The promotion case for Gita is a “very strong one,” Campbell said. “I have no reason to be concerned, honestly.”
Gopinath works in the field of international macroeconomics. Currently, Kenneth S. Rogoff and Richard N. Cooper are the only professors in the Economics Department who work in this area, according to Campbell.
“We think it is important to have young talent in the area as well,” Campbell said. “Many of the most important, interesting economic questions of the day concern macroeconomics.”
“[Gopinath] straddles both international finance and some macro, and macro is an area where we are not as strong as we could be,” said Economics Professor Claudia Goldin, who is currently on leave.
Campbell praised Gopinath’s ability to move between theory and data analysis, and her strong skills as a teacher.
“She has worked with some of our best Ph.D. students,” Campbell said. “She is really becoming a professional leader in terms of training economists.”
“She is the complete package,” he added.
Gopinath, who was born in India, was the first woman to leave her town to pursue a bachelor’s degree.

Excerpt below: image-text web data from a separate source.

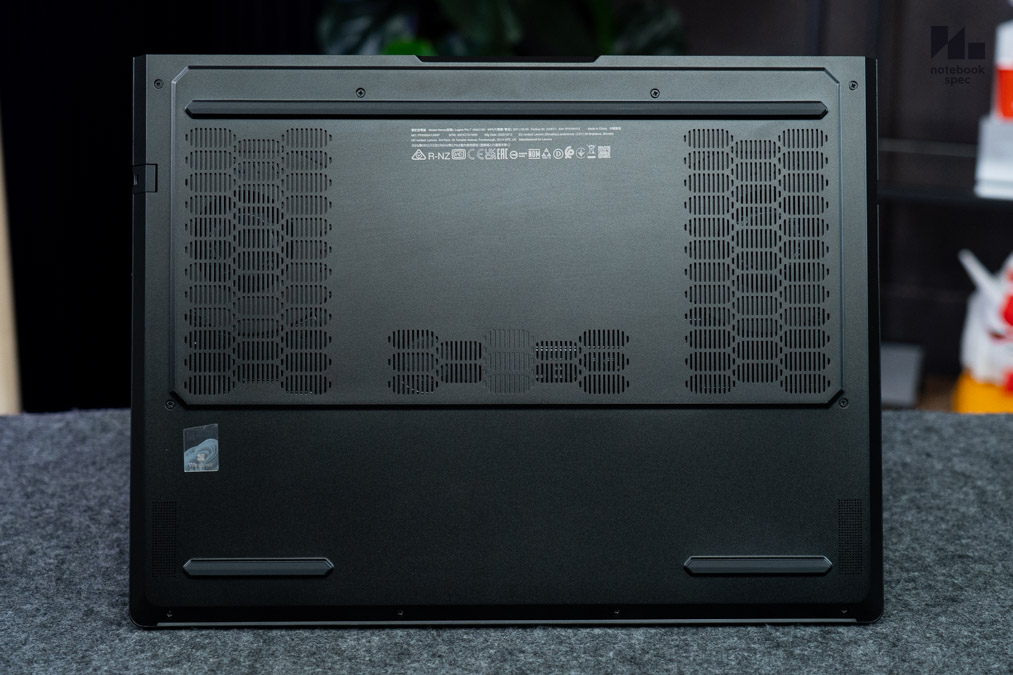 Lenovo Legion Pro 7 16IAX10H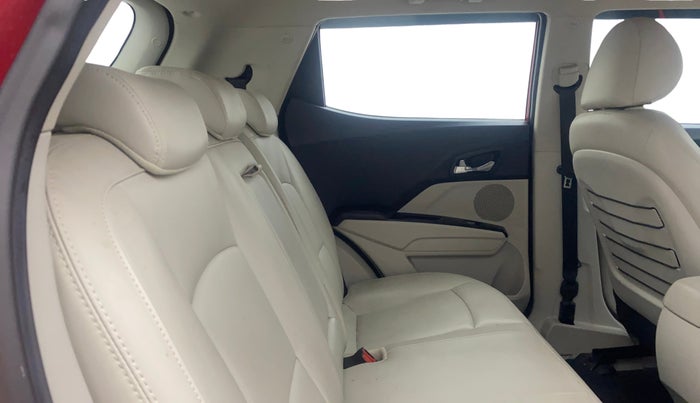 2023 Mahindra XUV300 W8 (O) 1.2 PETROL AMT, Petrol, Automatic, 18,366 km, Right Side Rear Door Cabin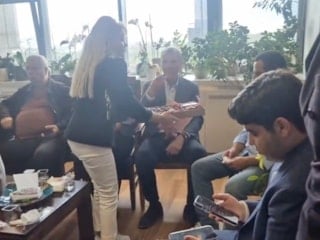 Kemal Kılıçdaroğlu ekibi, CHP Genel Merkezi özel kalem odasında çikolata dağıttı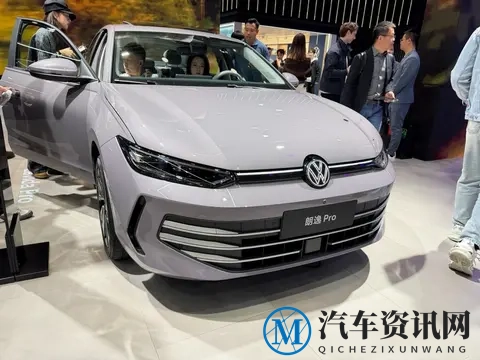 很难想象，这是一款挂着大众车标的全新轿车，车展实拍朗逸Pro-3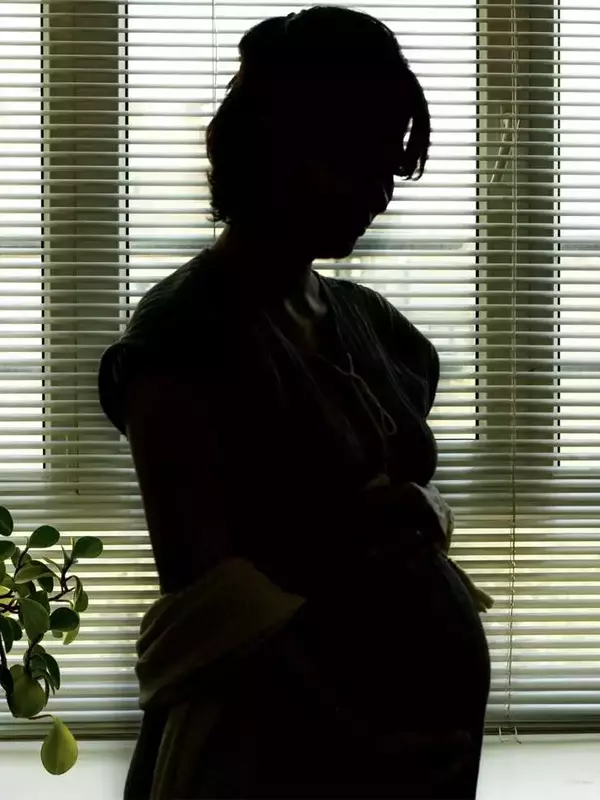 عکاسی بارداری از سمیه کوهستانی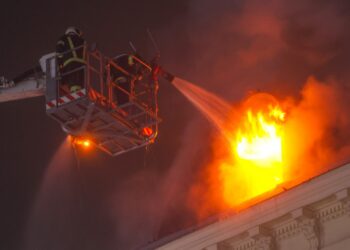 Großeinsatz bei nächtlichem Dachstuhlbrand in Gmunden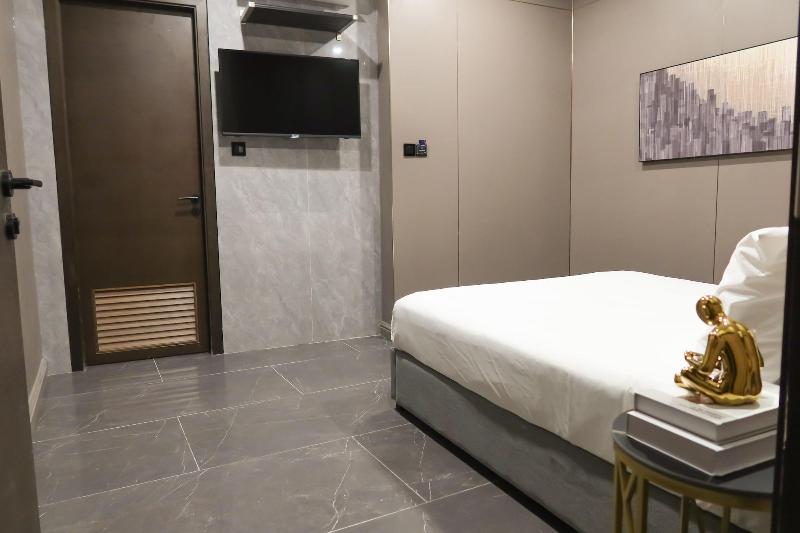 Recharge Residences image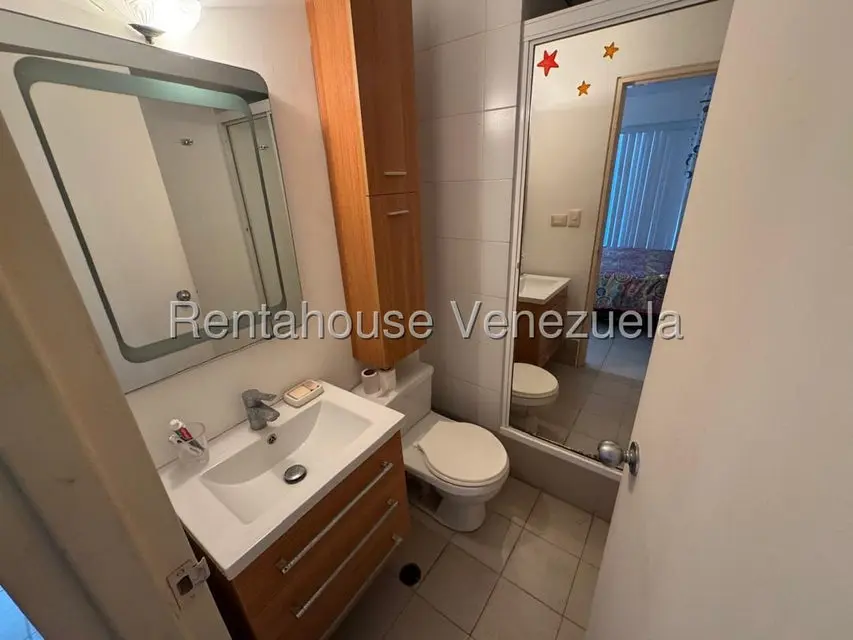 Apartamento (1 Nivel) en Alquiler en Playa Grande, Vargas - 11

“A lot of people [in Mysore] didn’t have the opportunity that I had,” Gopinath said. During her undergraduate years at Delhi University, Gopinath decided to join the university’s economics honors program in the midst of India’s financial crisis in the early 1990’s.
“I think that my time [at Harvard] and before has helped me understand [that crisis] better,” Gopinath said.
Gopinath earned masters degrees in economics from the Delhi School of Economics and the University of Washington. She then completed her Ph.D. from Princeton University, writing her doctoral thesis on international capital flow and real interest rates in developing countries. After receiving her Ph.D., she taught at the Booth School of Business at the University of Chicago, before joining Harvard University in 2005.
—Staff writer Gautam S. Kumar can be reached at firstname.lastname@example.org.
—Staff writer Julia L. Ryan can be reached at email@example.com.
This article has been revised to reflect the following correction:
CORRECTION: May 25, 2010
An earlier version of the Feb. 26 news story "Economics Department Votes For Gopinath's Tenure" incorrectly stated that Professor Gita Gopinath was the first woman to leave her town to pursue a bachelor’s degree. In fact, she was one of the few who had such an opportunity, according to Gopinath.